About this exercise:
Leaving the pictures aside, transcribe the data below exactly.

Data block:
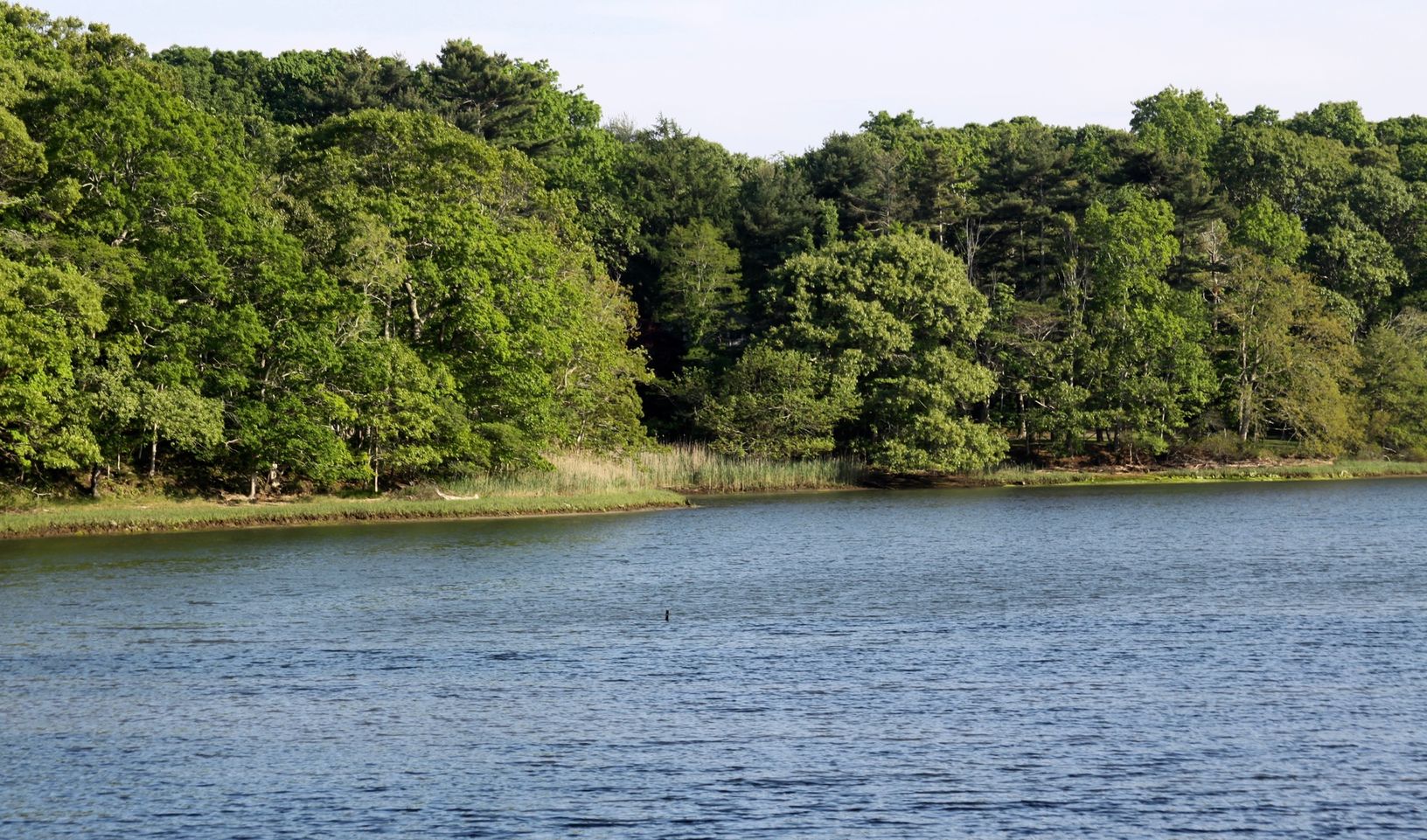Chase Creek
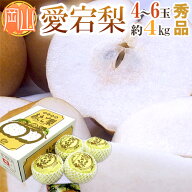 岡山産 ”愛宕梨” 秀品 超大玉4〜6玉前後 約4kg 化粧箱 あたご梨【予約 11月末以降】 送料無料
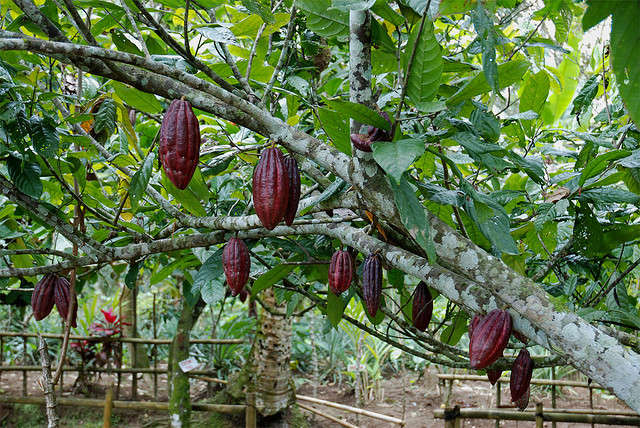 è dalla pianta di cacao che si ricava il cioccolato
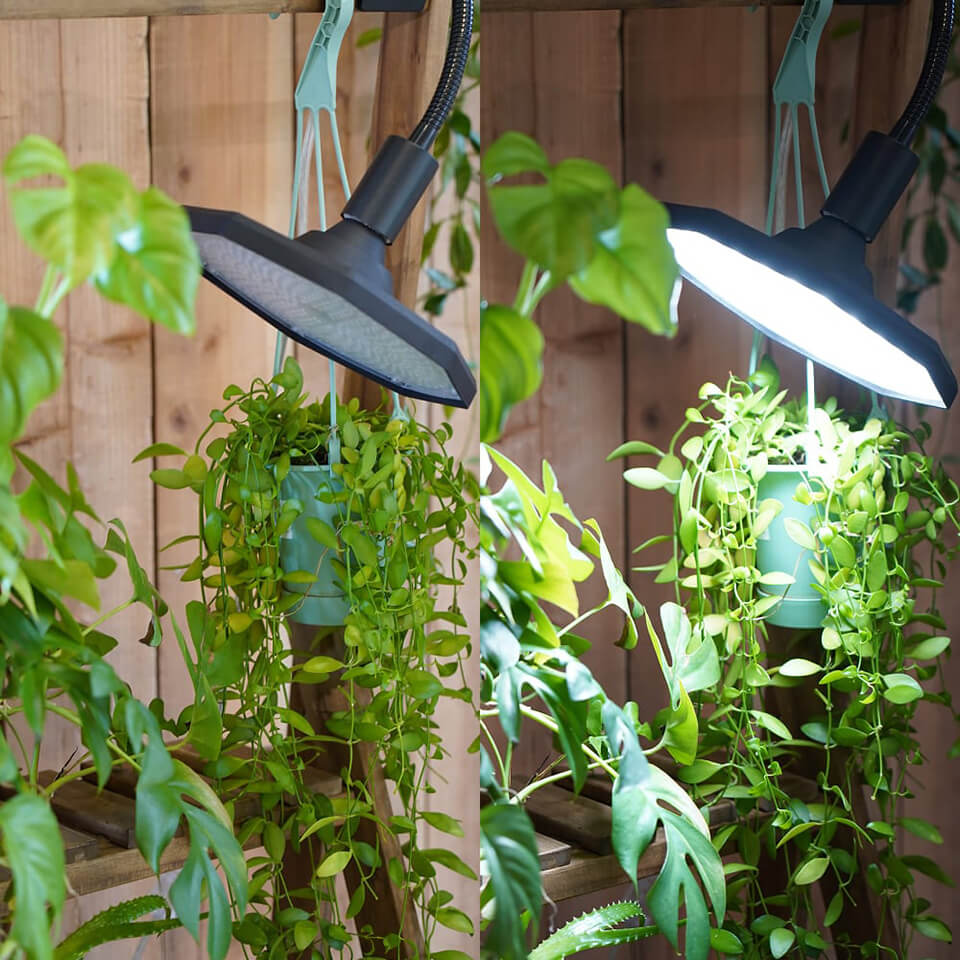 楽天市場】ROKI OCTAGON 50W【BARREL】八角形・面発光タイプの植物育成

Task output:
Chase Creek
 岡山産 ”愛宕梨” 秀品 超大玉4〜6玉前後 約4kg 化粧箱 あたご梨【予約 11月末以降】 送料無料
 è dalla pianta di cacao che si ricava il cioccolato
 楽天市場】ROKI OCTAGON 50W【BARREL】八角形・面発光タイプの植物育成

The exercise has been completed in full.